Water to Keep Your Plants Alive
My father had a theory about watering plants. He said that once you start watering plants in a dry season, they come to depend on it, therefore, he wouldn’t start. Of course he was right, once you start watering garden plants, they do start depending on you. But the alternative is to let your plants die, or wait so long to begin watering that they are so completely stressed they won’t recover.
Here are some suggestions for keeping your plants alive. With trees and shrubs you planted this spring (or even last fall), they need a minimum of 10 gallons of water a week, allowed to soak in slowly. It’s better if they have two 10 gallon buckets full a week, soaked in slowly. Don’t make the mistake of soaking them every day, too much water is almost as bad as not enough; the roots will sit there in the wet and not grow at all. If you paid out good money for the tree you planted back in the spring, then weekly watering to keep it alive is a good investment in a shade tree of the future.

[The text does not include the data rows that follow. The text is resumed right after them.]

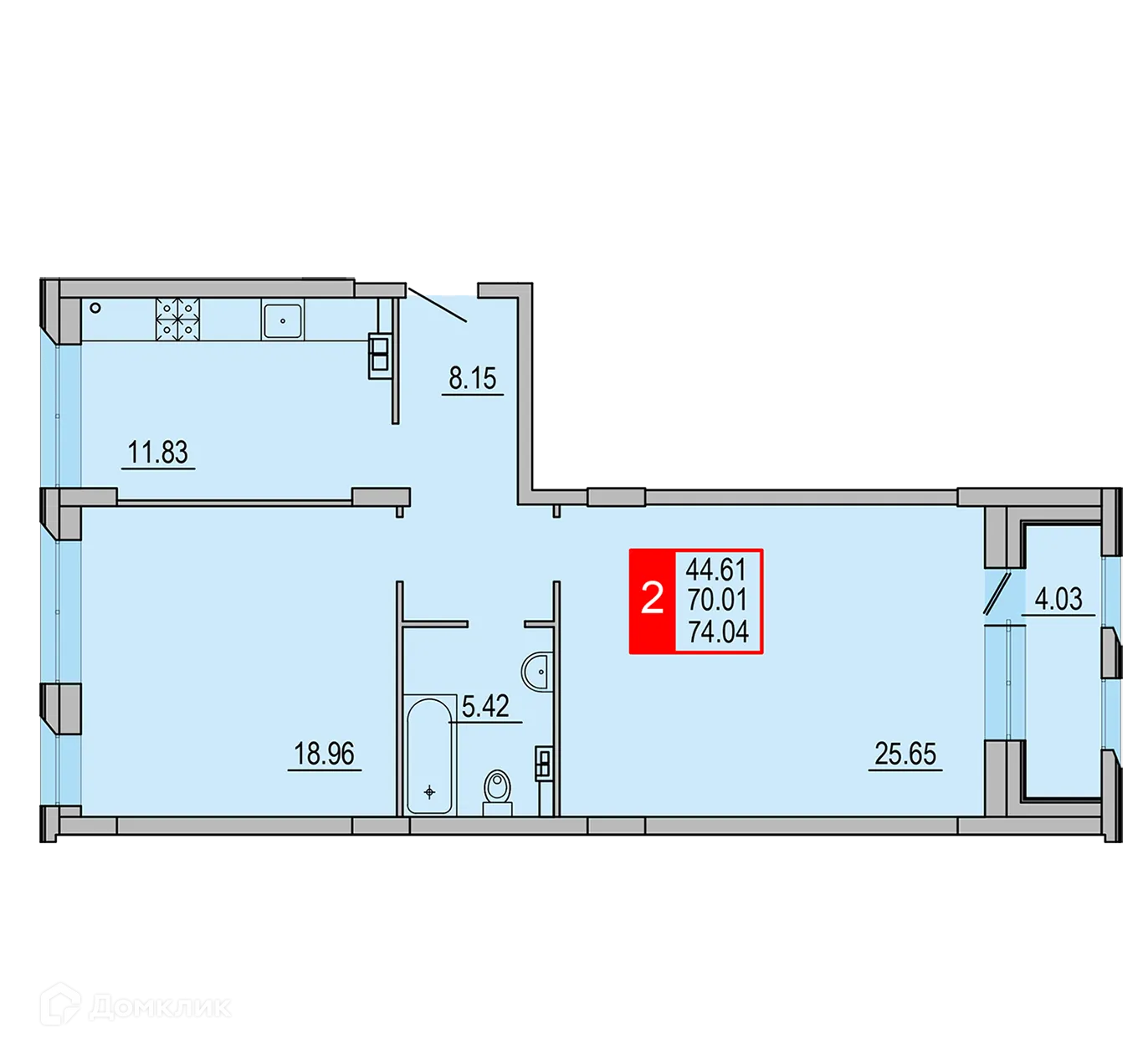 Фото квартиры в ЖК Заволжский Берег"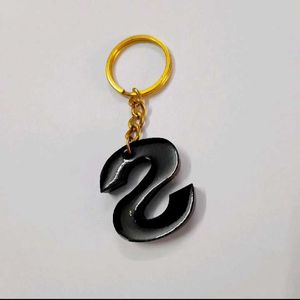 'S' Glitter Keychain
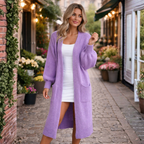 Long Knitted Cardigan Sweater With Pockets Fashion Grand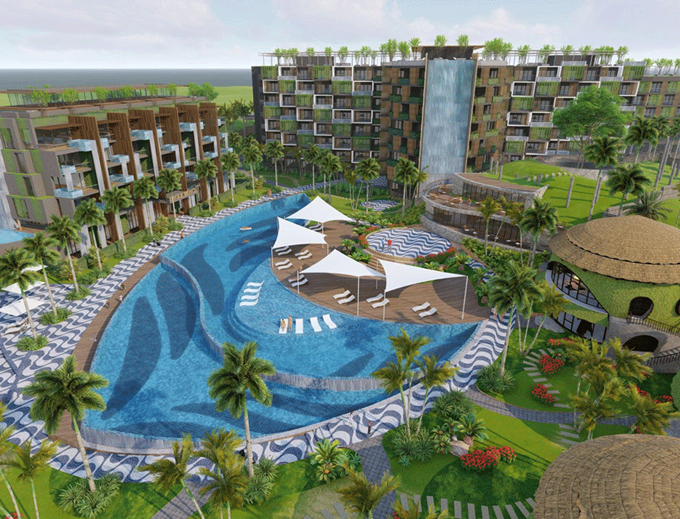 Mẫu thiết kế khách sạn kết hợp nghỉ dưỡng tại Vũng Tàu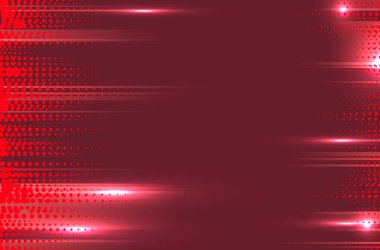 Abstract shiny red horizontal background with copy space for your text - vector illustration
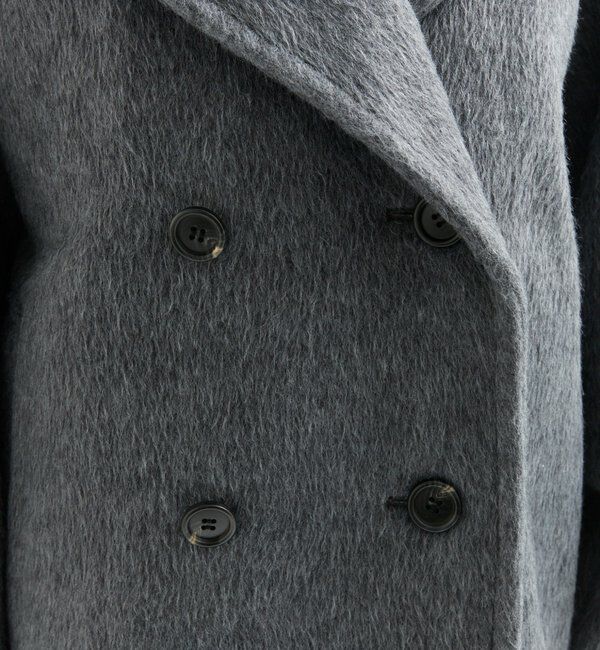  「ウール混 シャギーミドルコート」|その他|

With lawns, 3 waterings a week, about 2 hours each time, should keep the grass green. However some varieties of grass will go dormant in dry weather. Bermuda grass, for example, will survive the heat and drought and when it starts raining again, will commence growing again. Bluegrass or similar turf grass lawns, by contrast, need a constant supply of moisture, so it’s best to water those every other day.
Roses and tomatoes both do best if watered in early morning. If you are one of those folks who likes to take the garden hose and spray down your roses or tomatoes late in the afternoon, wetting down the plants and shooting a bit at the roots, then you are doing more harm than good. Both roses and tomato plants are prone to fungal problems, and fungus spores love a hot, wet environment. That method of watering insures you will have blackspot and mildew on your roses because the leaves stay wet overnight. It insures your tomatoes will develop wilt faster, and spread quicker, as well. A much safer and more efficient method is to use a soaker hose in your row of tomatoes and soak them for about an hour, twice each week. Or, use the garden hose without a nozzle, and soak around each tomato plant (or rose bush) for 2 minutes, move on to the next one then come back and do the first one again. Aim only at the root area, don’t soak the leaves. If you must use an overhead sprinkler, use it in the early morning so that the air and sunlight evaporates the moisture from the leaves quickly.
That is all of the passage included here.